We were early and there were not many others there. Only a scattering of men, all wandering restlessly. Each of them had grievances to put before the court, walking in circles and muttering to themselves, repeating the particulars of their suit over and over again. We were the only ones, it seemed, who came without a case to prepare. We sat upon the warm grass and waited.
‘So,’ I said, ‘you have seen the Althing. I would know what you think of it.’
‘It is wonderful. As wonderful as I hoped it would be.’ She looked at me, as if seeing me again for the first time. ‘But I think you are not so pleased by it.’
‘I like it well enough. I like the silence better.’
‘A poet of silence. You make many difficulties for yourself, I think.’
‘Truer than you know,’ I said, and I held her gaze until she looked away.
‘Why did you come here, then?’ she asked.
‘To pay my duty to a friend.’
‘And did you?’
‘I did.’ But I said no more than that.
I watched her for a time – her rough hands, a servant’s hands, clasped together in her lap. The dance of blood beneath the skin of her neck, quickening and slowing at the rise and fall of her breath. Her lips, thin and always slightly parted, always ready with a quick word, it seemed. I wondered what it would be like to kiss those lips.
Perhaps she saw those thoughts marked upon my face. ‘Olaf’s tolerance goes only so far,’ she said. ‘I must go. But come and find me again. We should speak more.’
I could not help but laugh. ‘Where does that boldness of yours come from, I wonder? Some famous ancestor?’

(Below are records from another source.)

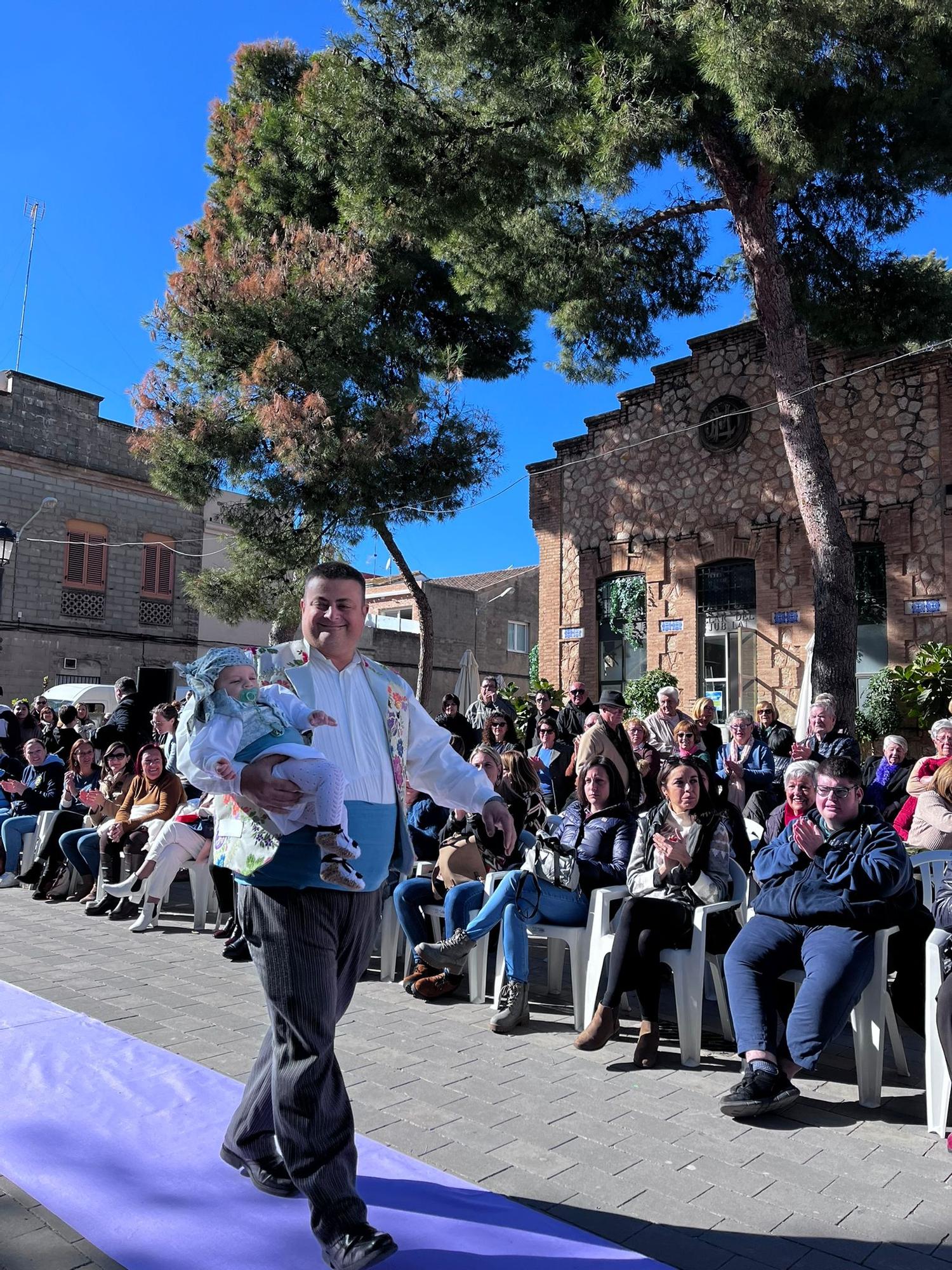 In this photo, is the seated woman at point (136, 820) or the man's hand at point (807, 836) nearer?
the man's hand at point (807, 836)

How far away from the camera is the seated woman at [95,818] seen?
8.25m

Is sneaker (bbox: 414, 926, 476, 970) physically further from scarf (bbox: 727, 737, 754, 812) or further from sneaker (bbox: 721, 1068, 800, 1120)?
scarf (bbox: 727, 737, 754, 812)

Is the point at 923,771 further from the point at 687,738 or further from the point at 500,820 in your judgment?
the point at 500,820

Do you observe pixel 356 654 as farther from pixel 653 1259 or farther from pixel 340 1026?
pixel 340 1026

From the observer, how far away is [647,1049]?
427 cm

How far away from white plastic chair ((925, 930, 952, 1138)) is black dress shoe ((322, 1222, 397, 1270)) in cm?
220

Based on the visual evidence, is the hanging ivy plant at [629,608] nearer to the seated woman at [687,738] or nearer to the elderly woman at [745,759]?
the elderly woman at [745,759]

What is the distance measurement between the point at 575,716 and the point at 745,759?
2.43m

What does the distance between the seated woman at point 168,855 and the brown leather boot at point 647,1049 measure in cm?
403

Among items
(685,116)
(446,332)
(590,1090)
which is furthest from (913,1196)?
(446,332)

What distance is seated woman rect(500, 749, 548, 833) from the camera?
574cm

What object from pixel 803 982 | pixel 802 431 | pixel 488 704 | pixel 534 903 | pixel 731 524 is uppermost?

‘No. Perhaps my courage is the same as yours.’
‘You think I have courage?’
‘I do.’
‘And where does it come from?’
‘From one who has little to lose.’ She stood, and as if by accident, let the edge of her hand brush past my face. Cool skin, the edge of a nail biting for a moment against my cheek. Then she was away, disappearing into the crowd.
I called one last question after her. ‘Can you sing, Sigrid?’
‘Better than you.’ And she was gone.
I lay back on the grass and watched the clouds dance across the sky, and gave myself to thoughts of the future. I thought of the feel of her skin against mine, what it would be like to share warmth in the darkness. The way, at night, that a woman’s eyes shine like silver under candlelight. Then I thought of nothing at all.
Before long, I heard footsteps, soft through the grass. A shadow across the sun, and then a presence on the ground beside me. I knew who it was before I sat up, and we shared the silence together for a time.